INSTRUCTIONS TO FOLLOW: Copy out exactly the stretch below, from the line with "Premium AI Image" through the line with "Accent Coffee Mug", both included; the pictures stay out.

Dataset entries
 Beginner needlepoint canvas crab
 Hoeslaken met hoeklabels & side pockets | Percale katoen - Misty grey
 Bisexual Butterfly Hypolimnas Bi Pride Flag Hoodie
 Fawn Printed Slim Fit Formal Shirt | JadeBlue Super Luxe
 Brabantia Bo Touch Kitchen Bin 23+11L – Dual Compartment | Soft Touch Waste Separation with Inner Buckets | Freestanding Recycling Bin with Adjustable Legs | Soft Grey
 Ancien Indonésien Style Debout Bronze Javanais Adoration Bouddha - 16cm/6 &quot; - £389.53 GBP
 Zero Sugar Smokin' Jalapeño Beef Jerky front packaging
---
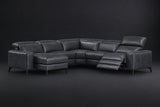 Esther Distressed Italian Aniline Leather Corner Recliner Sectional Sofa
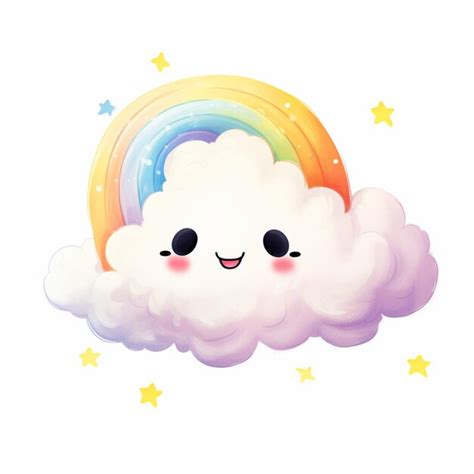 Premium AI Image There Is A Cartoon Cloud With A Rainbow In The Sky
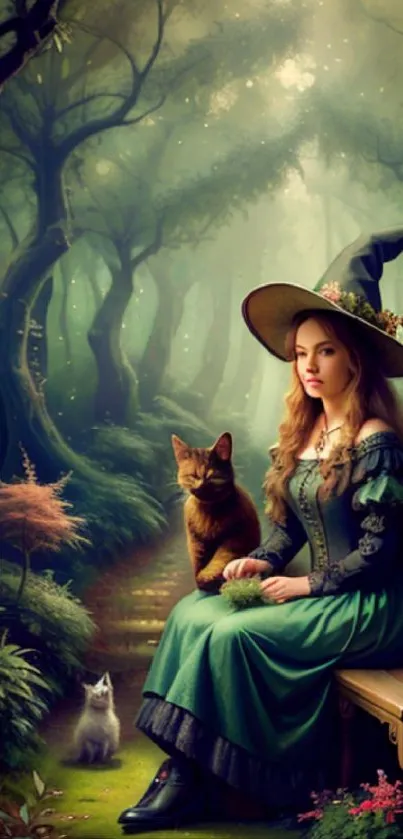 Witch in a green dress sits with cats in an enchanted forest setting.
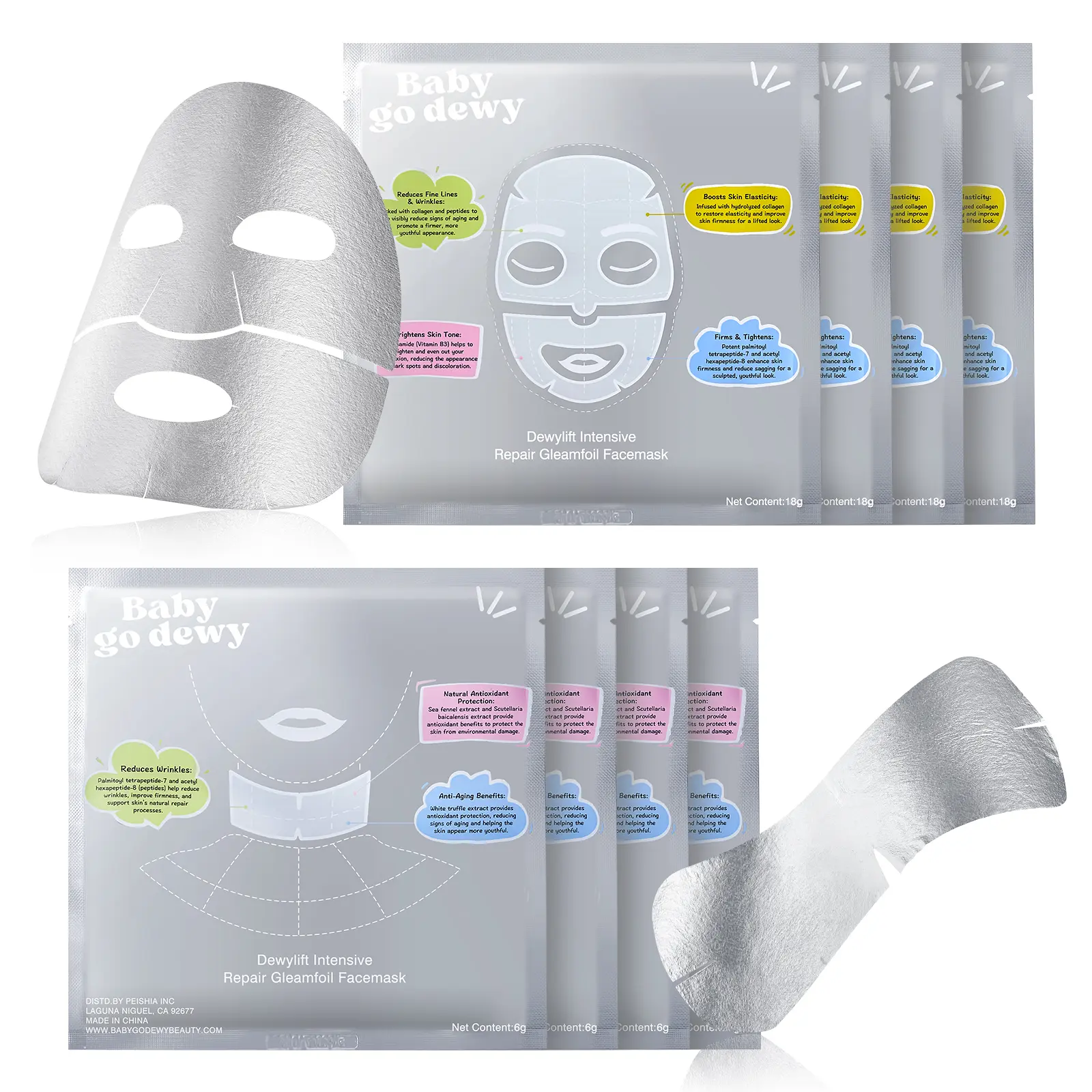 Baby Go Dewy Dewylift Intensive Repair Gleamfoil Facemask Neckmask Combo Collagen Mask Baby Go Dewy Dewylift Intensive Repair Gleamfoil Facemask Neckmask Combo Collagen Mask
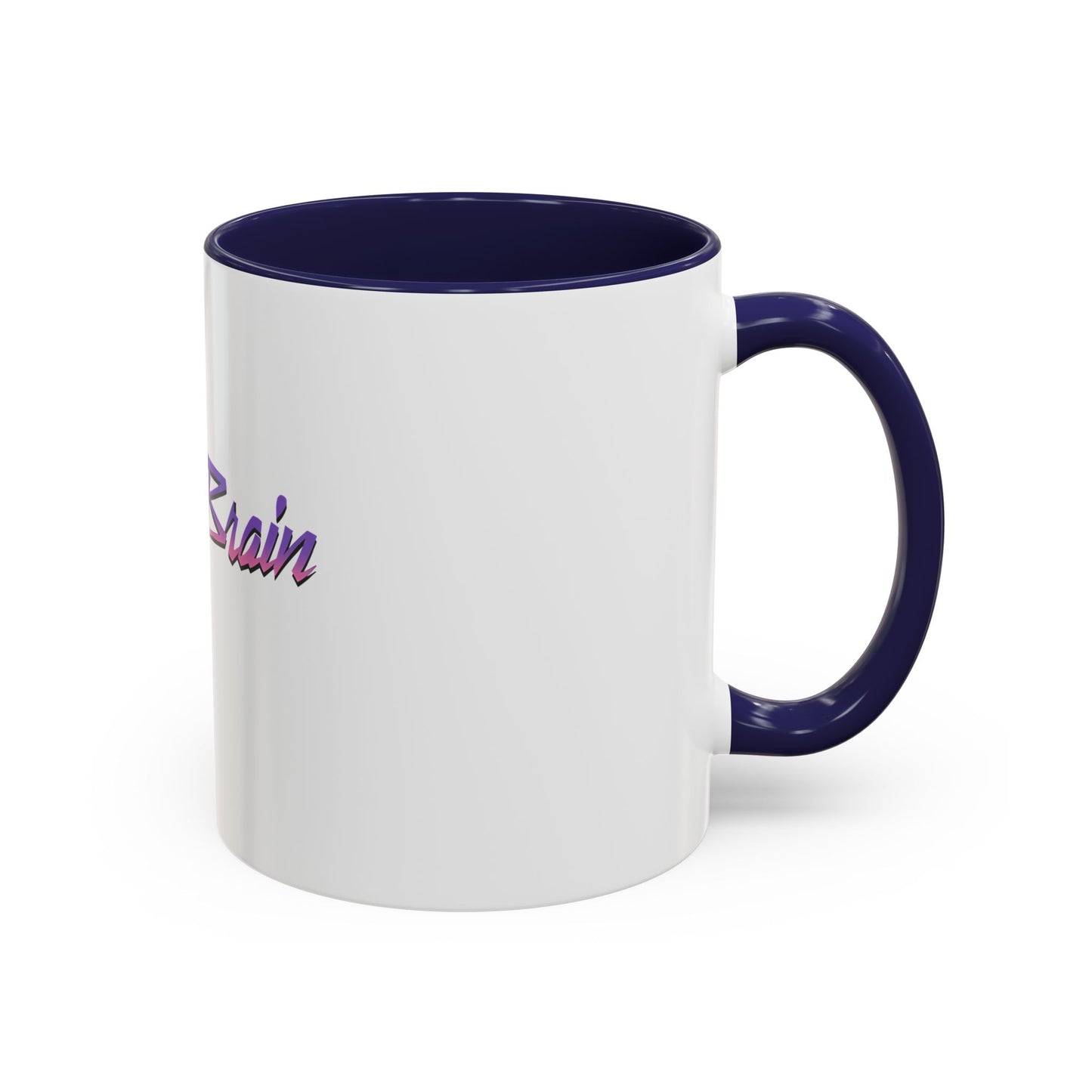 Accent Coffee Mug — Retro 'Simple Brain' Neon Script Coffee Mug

EXPECTED ANSWER:
 Premium AI Image There Is A Cartoon Cloud With A Rainbow In The Sky
 Witch in a green dress sits with cats in an enchanted forest setting.
 Baby Go Dewy Dewylift Intensive Repair Gleamfoil Facemask Neckmask Combo Collagen Mask Baby Go Dewy Dewylift Intensive Repair Gleamfoil Facemask Neckmask Combo Collagen Mask
 Accent Coffee Mug — Retro 'Simple Brain' Neon Script Coffee Mug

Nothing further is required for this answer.